Monday, May 11, 2015

Middle Class Gone Missing

Once upon a time, most everyone I knew belonged -- or wanted to belong -- to "the middle class."

It was simple. You went to school, got a good education and a well-paying job. You married, bought a house or a condo, had kids, and you all took a vacation once or maybe twice a year. You retired and lived a decent lifestyle thanks to retirement benefits and savings.

For some immigrant families, like my own, it took a couple of generations before all the cousins were going to college. Still, it didn't take that long for us to arrive squarely in the middle class.

Now comes the hard part. Sometime in the last 30 years, the middle class has gone missing in the U.S. Increasingly, corporations have shifted high-paying jobs abroad where labor is cheaper.

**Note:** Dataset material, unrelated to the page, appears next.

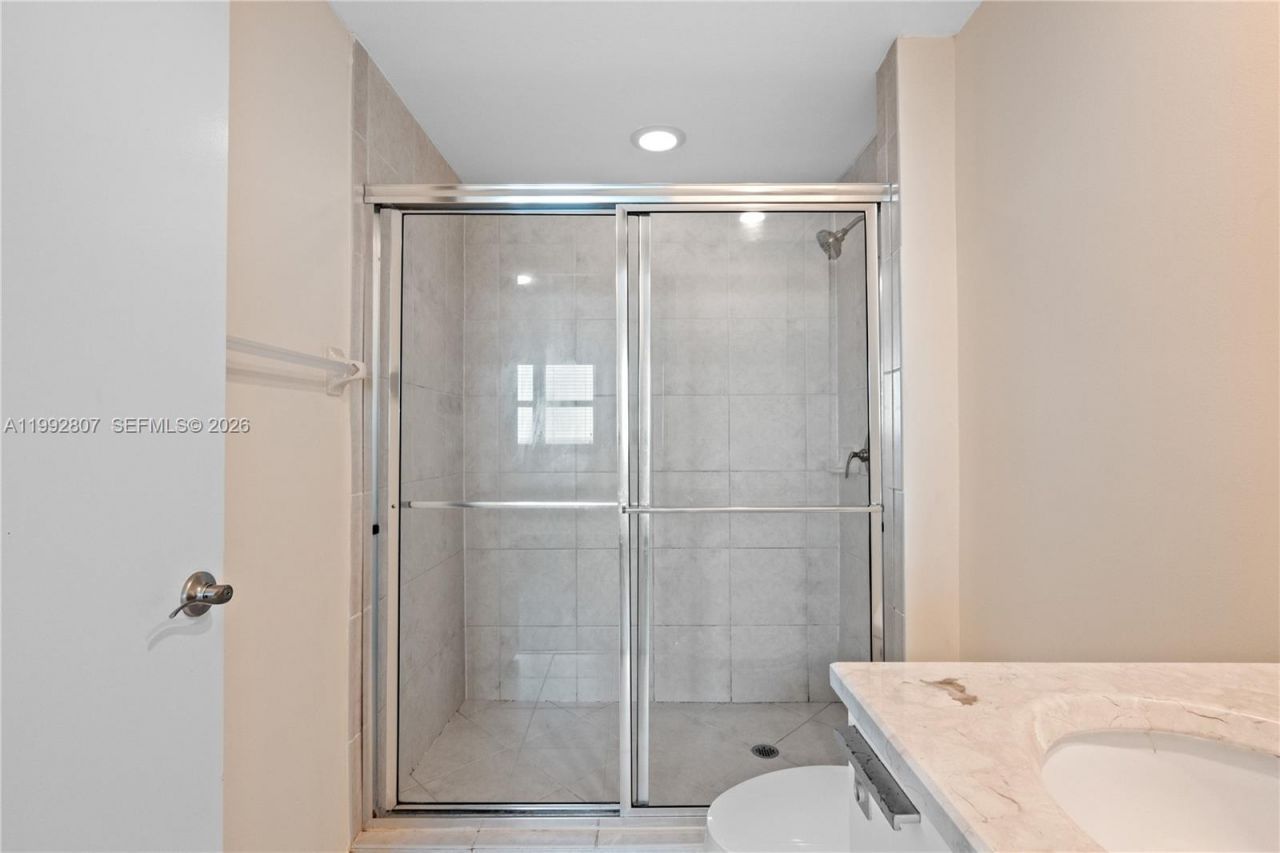 15051 Royal Oaks Ln , Unit 2103, North Miami, FL 33181 Photo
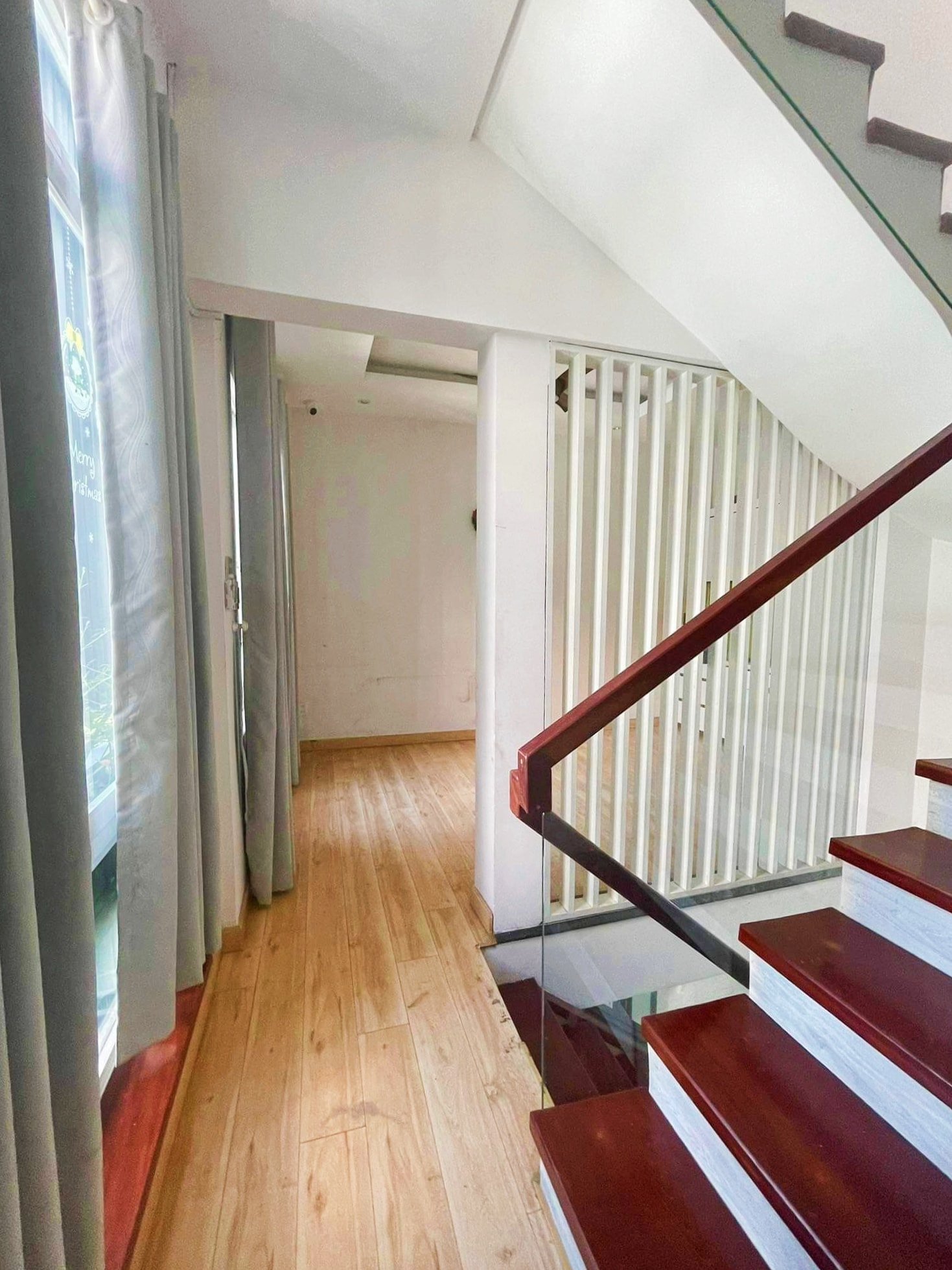 Bán gấp nhà Hoàng Hoa Thám, Bình Thạnh, 61m2, 4T, chỉ 8 tỷ 150 2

More and more union jobs have disappeared. More and more Americans have been forced into lower-paying service jobs, most of which don't offer benefits.

The real kick in the pants came in 2008 when the housing bubble burst, sending millions of Americans scrambling to pay their mortgages. Millions of homeowners foreclosed.

So where does that leave us? The term "middle class" doesn't mean what it used to. It makes a lot of Americans nervous, because the economy is a lot more precarious that it used to be, particularly for those closer to the bottom. We can no longer assume that we can afford to get to college, or that getting an education will pay off. We can't count on getting ahead the way we used to. And we certainly aren't sure about how our kids and their kids will fare.

And so along comes a piece in The New York Times today on why the Presidential candidates are no longer referring to "the middle class."

"The once ubiquitous term 'middle class' has gone conspicuously missing from the 2016 campaign trail, as candidates and their strategists grasp for new terms for an unsettled economic era. The phrase, long synonymous with the American dream, now evokes anxiety, an uncertain future and a lifestyle that is increasingly out of reach."

What term replaces "the middle class?" 

According to the Times, Mrs. Clinton refers to “everyday Americans.” 

"Scott Walker prefers 'hardworking taxpayers.' Rand Paul says he speaks for 'people who work for the people who own businesses.' Bernie Sanders talks about 'ordinary Americans.'”

The tricky part is that in order to win, a Presidential candidate must appeal to those of us in the middle. So keep your eyes and ears open. Listen closely to what the candidates would otherwise call the middle class. Better yet, pay attention to what these candidates promise to do to try to help Americans struggling in the middle.

Oh, one more thing: According to the Times piece, approximately 51 percent of Americans now consider themselves middle- or upper-middle class (that according to a Gallop poll. Compare that number to 60 percent who identified themselves in the same way in 2008.